The code path is sort of laid out in the above time prints statements:
- you call
im.dims AICSImage.dims->AICSImage.reader.dimsAICSImage.reader.dims->AICSImage.reader.mosaic_xarray_dask_dataAICSImage.reader.mosaic_xarray_dask_data->AICSImage.reader._create_dask_arrayAICSImage.reader._create_dask_array->AICSImage.reader._construct_mosaicAICSImage.reader._construct_mosaic->AICSImage.reader._stitch_tiles- take everything we just processed and formalize into a single object and the dims
And this is "required" in a large part. Everything living on the xarray object makes it very easy to know where the data "lives". From both of these, all the metadata handling is neglible, getting / creating the dask array took on the order of ~10 seconds, which is fine, although we could improve speed there, but the stitching tiles process was easily the largest task in the data processing stack.
So all of this together, I think this just means we need to spend some time on trying to speed up the CZIReader tile stitching and maybe also the raw dask array construction.
cc @toloudis @heeler
And, I was about to link to our benchmarks that track the time it takes to construct the delayed array but am now seeing that for CZI, it has never worked.... https://allencellmodeling.github.io/aicsimageio/_benchmarks/index.html#benchmark_image_containers.CziReaderSuite.time_delayed_array_construct
Here is a functional "time_delayed_array_construct" for TiffReader: https://allencellmodeling.github.io/aicsimageio/_benchmarks/index.html#benchmark_image_containers.TiffReaderSuite.time_delayed_array_construct
I am first going to make an issue for fixing those benchmarks....
Why should calling "dims" cause all tiles to be stitched?

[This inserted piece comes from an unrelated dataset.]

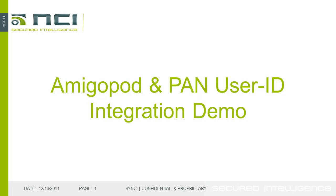Hi, everyone. This is a quick demonstration of the integration between Aruba's Amigapod Visitor Management Platform and Palo Alto Network's User ID Agent, brought to you by NCI.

@rcasero wanted to say that while our tile stitching is slow, you can simply turn off tile stitching with reconstruct_mosaic=False as a parameter. This will return the data with an M dimension. Sorry that this exists in the first place but will try to take a look soon.
@JacksonMaxfield In the end, I had to convert to TIFF, and then use openslide, given time constraints. but I'll keep an eye out for new developments! Thanks!
Hey @rcasero sorry about that! Congrats on the paper though.
@JacksonMaxfield Thanks for all your help!
Looks like @VolkerH is working on some tile stitching with map_blocks: https://github.com/VolkerH/DaskFusion
I'll make a quick note here that I keep forgetting to make. I think there should be some kind of separation between stitching grid images and stitching any other data that are irregular.
For CZI files, the tiles are almost always gridded. An example of plugin that specific to gridded tiles is the functionality available in imageJ. pre-calculation of overlap would speed things greatly. The imagej plugin let the user define the expected overlap and some thresholds.
https://imagej.net/plugins/image-stitching
This issue has been automatically marked as stale because it has not had recent activity. It will be closed if no further activity occurs. Thank you for your contributions.